La malattia di Parkinson, che è la seconda malattia neurodegenerativa dopo l’Alzheimer, è diffusa in tutto il mondo ed in tutti i gruppi etnici, è in costante incremento soprattutto per l’aumento dell’aspettativa di vita media. Si riscontra in entrambi i sessi, ma con una lieve prevalenza in quello maschile (60% vs 40%).
Circa il 20% dei pazienti presenta una storia familiare positiva per la malattia; si stima che i familiari di persone affette da malattia di Parkinson presentino, rispetto alla popolazione generale, un rischio di sviluppare la patologia lievemente superiore.
Nel nostro paese, si contano circa 300.000 malati affetti da tale patologia e, se immaginiamo che ad ogni paziente è associato almeno un caregiver, è facilmente intuibile che si tratta di un fenomeno che riguarda più di mezzo milione di persone.

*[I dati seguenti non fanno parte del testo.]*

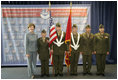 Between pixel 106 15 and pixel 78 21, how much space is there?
0.98m

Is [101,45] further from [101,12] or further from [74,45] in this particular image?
[101,12]

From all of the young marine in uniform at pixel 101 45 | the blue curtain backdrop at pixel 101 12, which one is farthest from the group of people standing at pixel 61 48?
the blue curtain backdrop at pixel 101 12

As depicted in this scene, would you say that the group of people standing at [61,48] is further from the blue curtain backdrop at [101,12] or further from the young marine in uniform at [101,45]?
the blue curtain backdrop at [101,12]

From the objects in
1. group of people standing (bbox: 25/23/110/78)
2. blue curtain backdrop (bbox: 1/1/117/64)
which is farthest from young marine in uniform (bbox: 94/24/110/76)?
blue curtain backdrop (bbox: 1/1/117/64)

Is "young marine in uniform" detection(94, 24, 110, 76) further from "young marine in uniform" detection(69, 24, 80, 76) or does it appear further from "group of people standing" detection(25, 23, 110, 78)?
"young marine in uniform" detection(69, 24, 80, 76)

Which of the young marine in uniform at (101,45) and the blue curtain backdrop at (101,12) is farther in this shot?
the blue curtain backdrop at (101,12)

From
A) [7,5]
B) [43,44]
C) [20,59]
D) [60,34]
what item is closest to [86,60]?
[60,34]

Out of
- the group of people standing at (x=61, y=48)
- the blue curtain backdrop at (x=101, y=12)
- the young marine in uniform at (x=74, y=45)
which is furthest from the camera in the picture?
the blue curtain backdrop at (x=101, y=12)

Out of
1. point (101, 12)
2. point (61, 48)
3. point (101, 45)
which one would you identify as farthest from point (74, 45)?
point (101, 12)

L’età media di inizio è intorno ai 58-60 anni, ma il 5 % dei pazienti circa può presentare un esordio giovanile tra i 21 ed i 40 anni. Prima dei 20 anni è estremamente rara. Sopra i 60 anni colpisce 1-2% della popolazione, mentre la percentuale sale al 3-5% quando l’età è superiore agli 85.
Molteplici sembrano essere gli elementi che concorrono al suo sviluppo: genetici, tossici (pesticidi, idrocarburi-solventi), professionali (saldatori), mentre paradossalmente il fumo di sigaretta sembra rappresentare un fattore protettivo.
Nel MP determinate cellule all’interno del cervello, responsabili della produzione di una sostanza chimica chiamata Dopamina, cessano gradualmente di funzionare correttamente diminuendone la produzione e determinando conseguentemente un invio più lento dei messaggi provenienti dal cervello, che comunicano al corpo come e quando muoversi, tanto che i pazienti sono incapaci di iniziare un movimento e tenerlo poi normalmente sotto controllo.
Nella forma tipica, l’esordio della malattia si presenta interessando unicamente un lato del corpo per poi estendersi anche nell’altro. La sintomatologia pertanto può essenzialmente essere caratterizzata dai cosiddetti sintomi motori: Tremore (a riposo) ritmico involontario, Rigidità muscolare, Bradicinesia (movimenti rallentati) e, in una fase più avanzata, l’Instabilità posturale (perdita di equilibrio); questi sintomi si presentano in modo asimmetrico ove un lato del corpo, risulta essere più interessato dell’altro.
Accanto a tale sintomatologia di tipo motorio possono presentarsi, soprattutto nella fase avanzata della malattia, disturbi di tipo psichiatrico (apatia, depressione, psicosi, sindrome da discontrollo degli impulsi), che rendono, per il paziente, ancor più gravosa l’evoluzione della malattia.
La diagnosi, essenzialmente clinica, viene posta sulla base dei sintomi (tremori, rigidità, rallentamento, disturbi della deambulazione) rilevati da una visita neurologica e coadiuvata dalla neuroradiologia (RMN cerebrale, SPECT-DAT SCAN, PET).
La malattia, implica una gestione del paziente a lungo termine che va dalla terapia farmacologica a quella interventistica, ai programmi riabilitativi, all’assistenza domiciliare, al sostegno socio-assistenziale, al supporto del caregiver e richiede pertanto il coinvolgimento e l’intervento di numerose figure assistenziali per una gestione multidisciplinare integrata. Grazie alle avanzate tecniche di biologia molecolare, l’attenzione si sta focalizzando sulla terapia genica e sulle cellule staminali pluripotenti adulte.
Tante sono state le personalità famose colpite da questa malattia, basti pensare a Francisco Franco, Mao Tse Tung, Breznev, Yasser Arafat nel panorama della politica, Salvador Dalì in quello dell’arte, Charlie Chaplin nella cinematografia, Muhammad Alì in quello dello sport.
Ma tra tutte, piace ricordare San Giovanni Paolo II che, in una società come la nostra che tende a stigmatizzare le persone non più efficienti fisicamente, non esitò a mostrarsi pubblicamente fino alla fine, testimoniando così al mondo che, anche la malattia e la sofferenza che ne consegue, possono essere vissute con dignità e serenità.